What is needed is an exact reproduction of the lines from the one that contains "Mann iført en" through the end of the data, both included and nothing else, with pictures omitted.
(Raw data)
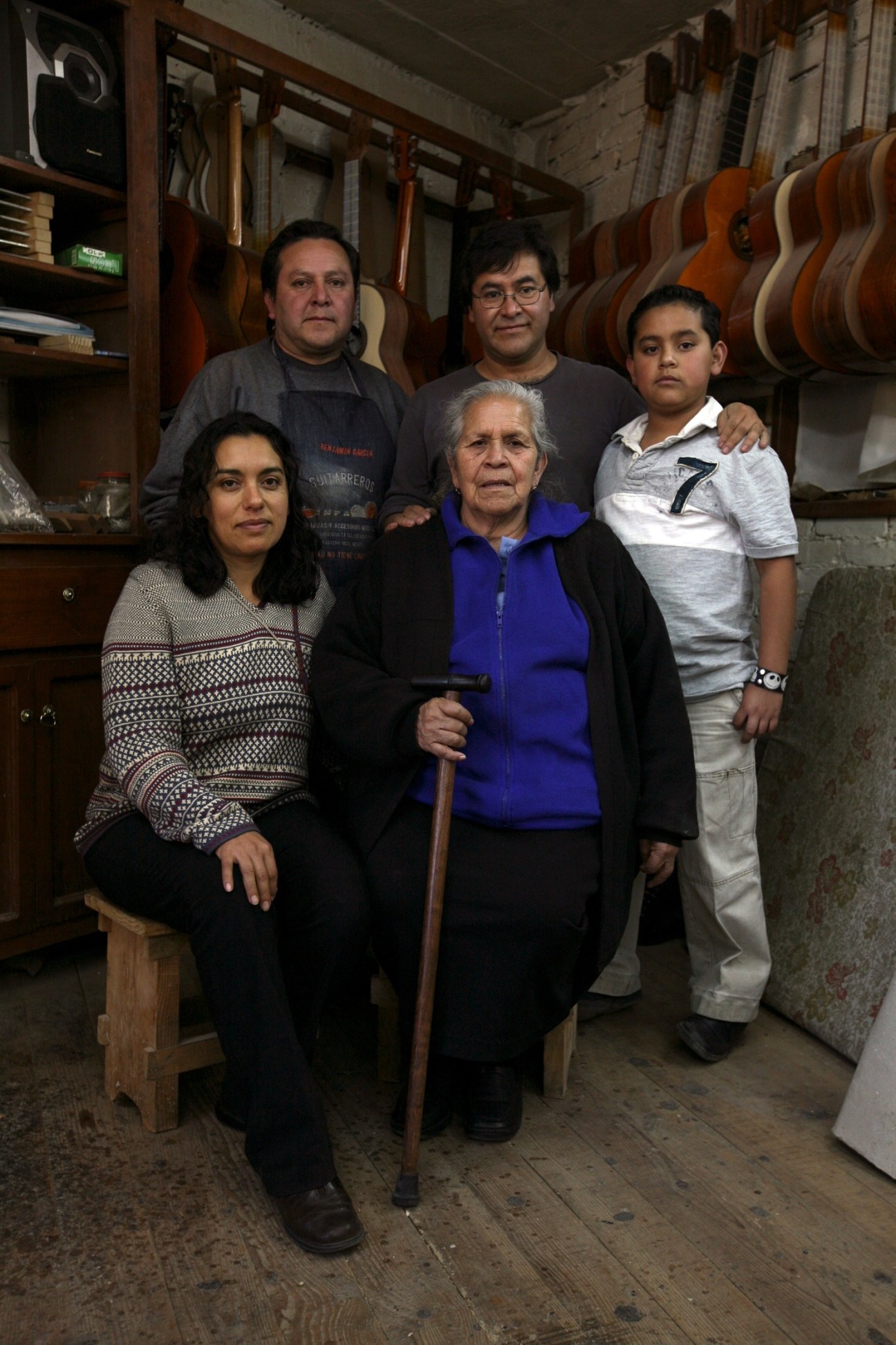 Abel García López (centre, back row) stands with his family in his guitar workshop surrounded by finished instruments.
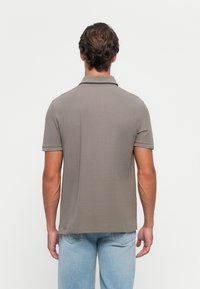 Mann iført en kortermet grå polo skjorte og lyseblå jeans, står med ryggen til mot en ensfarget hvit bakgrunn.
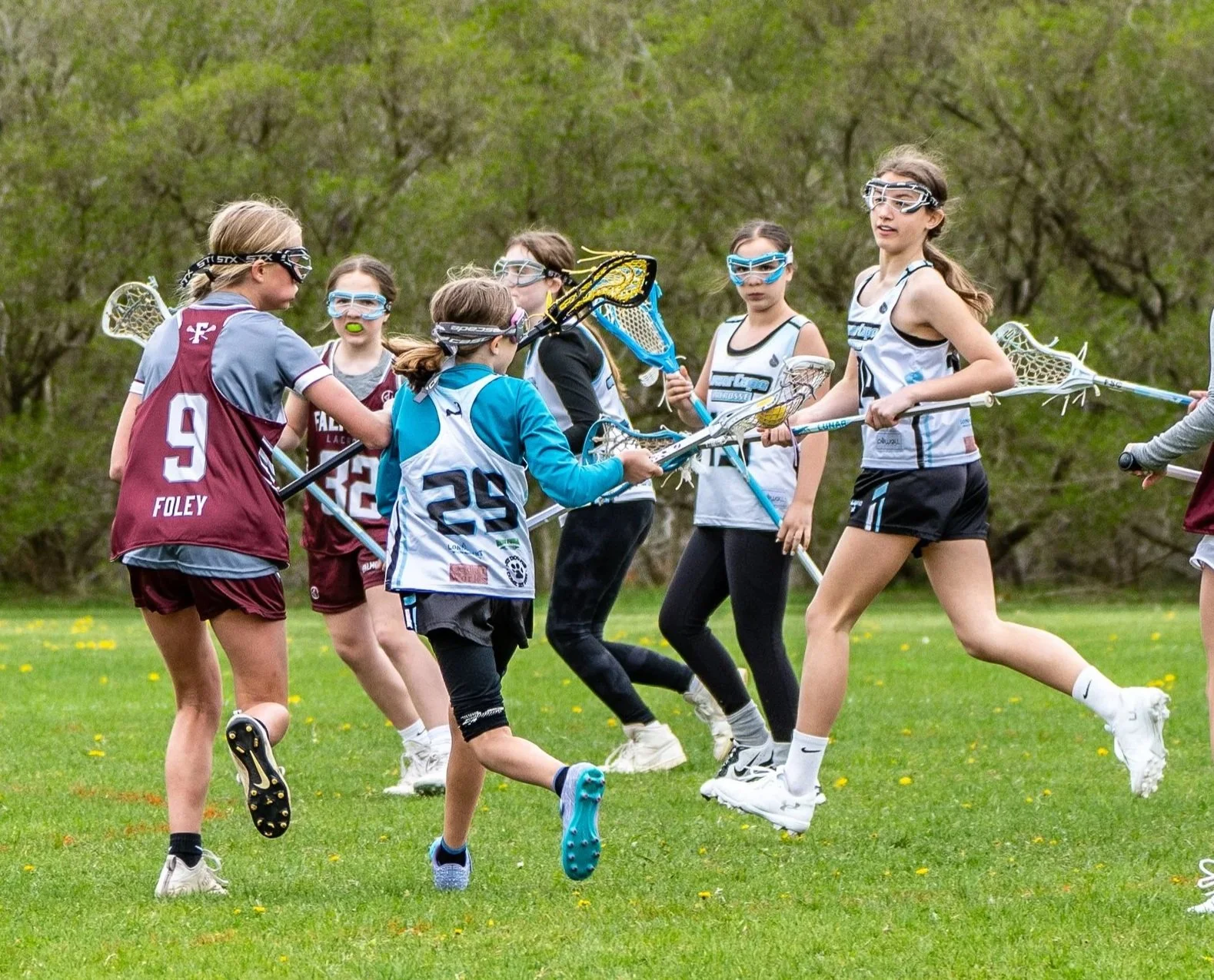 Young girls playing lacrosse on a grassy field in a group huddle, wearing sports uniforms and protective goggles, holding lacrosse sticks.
(End Raw data)
> Answer to the problem
 Mann iført en kortermet grå polo skjorte og lyseblå jeans, står med ryggen til mot en ensfarget hvit bakgrunn.
 Young girls playing lacrosse on a grassy field in a group huddle, wearing sports uniforms and protective goggles, holding lacrosse sticks.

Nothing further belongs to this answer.